2- Some people say that great novel transports the reader and it's like watching a movie. Hybrids can evoke that same experience and maybe one of the reasons is the book's structure that seems wrote to be easily adapted to the silver screen. Do you agree with this and if so, was it something intentional?

Yes this is completely intentional. The turning point for me as a writer was when I did a course in scriptwriting for film and television. I have written TV and film scripts, and plenty of comics which I have also edited. I see things in my mind's eye and write them down. I try to keep the suspense going. However I am not too specific -- it's best to let the reader make their own images in their minds.

3- I'm curious in how exactly Creep works. In Hybrids we have people with guns and musical instruments attached to their bodies. How low the technology can be to "merge" in a human body?

Creep can only work in connection with a gadget that works on electricity. Some guns have electronic parts, at least they do in my future, and this is what Thom Gunn has. The musical instruments are electric guitar and electric bass. Later on in the projected Hybrids series, as scientists discover more about how Creep works, this is related in the narrative. We already know from volume 1 that it is to do with nanotechnology.

4- What was your reaction when you knew that Hybrids would have a Portuguese translation and be published in Brazil?

Absolutely delighted!

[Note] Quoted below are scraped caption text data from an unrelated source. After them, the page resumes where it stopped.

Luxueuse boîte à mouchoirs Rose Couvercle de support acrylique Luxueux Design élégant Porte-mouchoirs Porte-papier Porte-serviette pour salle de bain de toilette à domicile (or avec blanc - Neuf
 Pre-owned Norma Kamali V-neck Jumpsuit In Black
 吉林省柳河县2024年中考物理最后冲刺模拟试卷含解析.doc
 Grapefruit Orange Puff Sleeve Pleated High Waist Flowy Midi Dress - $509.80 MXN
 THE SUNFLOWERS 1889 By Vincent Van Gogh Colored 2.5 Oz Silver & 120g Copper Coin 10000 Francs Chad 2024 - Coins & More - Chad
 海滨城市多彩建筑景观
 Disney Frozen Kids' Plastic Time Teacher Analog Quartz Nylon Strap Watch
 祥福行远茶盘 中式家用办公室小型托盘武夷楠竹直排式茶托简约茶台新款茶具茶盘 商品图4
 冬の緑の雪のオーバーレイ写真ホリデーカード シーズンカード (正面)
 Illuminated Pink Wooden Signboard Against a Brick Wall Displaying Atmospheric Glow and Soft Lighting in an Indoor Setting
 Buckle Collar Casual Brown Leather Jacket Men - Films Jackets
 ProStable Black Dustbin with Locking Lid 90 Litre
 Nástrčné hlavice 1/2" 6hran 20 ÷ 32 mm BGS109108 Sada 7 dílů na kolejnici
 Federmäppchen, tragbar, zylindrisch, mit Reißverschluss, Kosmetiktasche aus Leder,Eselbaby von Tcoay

I have just received a package with the book in and all the publicity material and it looks fantastic. I can use my English and Portuguese editions side by side now to try and learn Portuguese! I think Brazil is a fantastic country of many contrasts and a vibrant culture, and I love much of the films and television that I've seen from your country.

5- Do you have plans to visit Brazil someday?

I can't wait to visit you. It's also an amazing coincidence that the artist I have been working with on adapting Hybrids to comics, Felipe Cunha, lives near Sao Paulo and I will take the opportunity to meet him for the first time as well. I would also like to go and see some rainforest and visit Curitiba.

6- What can you tell us about the sequel?

Books two and three are plotted out. The climax is amazing. Something happens to Johnny and Kestrella that as far as I know has never been put in a book for teenagers before! The journey is full of surprises. The plot thickens and gets much darker with much more at stake. I can't give any details away however.